Not that Cassavetes’ sense of betrayal or increasing difficulties getting projects off the ground diminished his desire to create or made him doubt his art or weakened his resistance to prevailing tastes. Cassavetes, like the characters in his films, never quit.
Following a brief venture into theatre, Cassavetes once again managed to attract financial backing for a film project. Cassavetes describes the way he sold Love Streams – Cassavetes’ last film – to the prospective producers: ‘I found myself going to Menachem [Globus] and saying, “We have a story. This absolutely will not make any money. Probably no one will want to see it, but it is a wonderful film”.’

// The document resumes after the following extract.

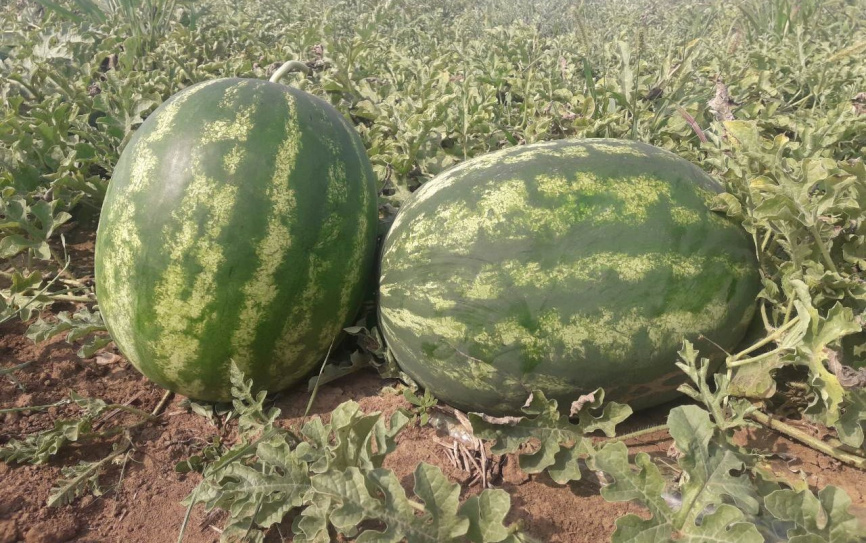 Міракл F1 / Miracle F1,58-60 днів фото 1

Globus backed Cassavetes, and, indeed, Love Streams, as Cassavetes predicted, didn’t make money, failed to attract an audience, but did turn out to be an extraordinary film, ‘psychologically dangerous, lonely, terrifying’, as Cassavetes says.

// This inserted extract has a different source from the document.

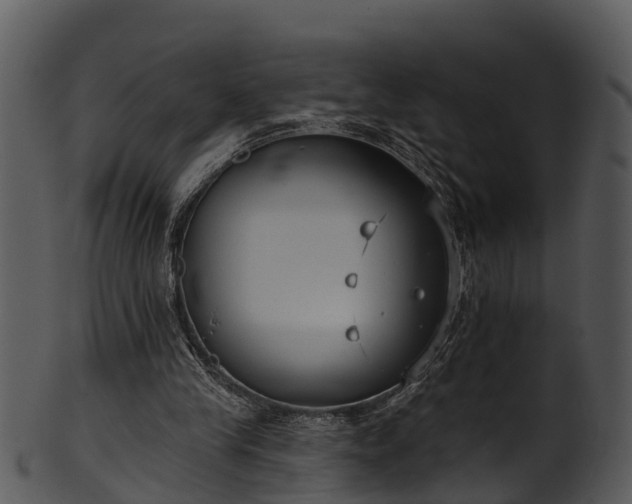 X0000101420245200807141201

While making Love Streams in 1983, Cassavetes was diagnosed with cirrhosis of the liver and given only six months to live; he lived for another six years. As for his relationship with Scorsese, Cassavetes reflected: ‘I’ve watched Marty as the complications in his life grow, and the frustrations grow, and I hope he can survive the mass hysteria of success. Your way of life is a hell of a lot more important than anything else, and by the time you realise what success will do to you, it has taken you away from everything you were saying, doing and enjoying, and thrown you into areas of lawyers and accountants that want your success more than they want your music. I never had that, but I never wanted it.’
Martin Scorsese wanted it and got it, and now he has his Oscar too.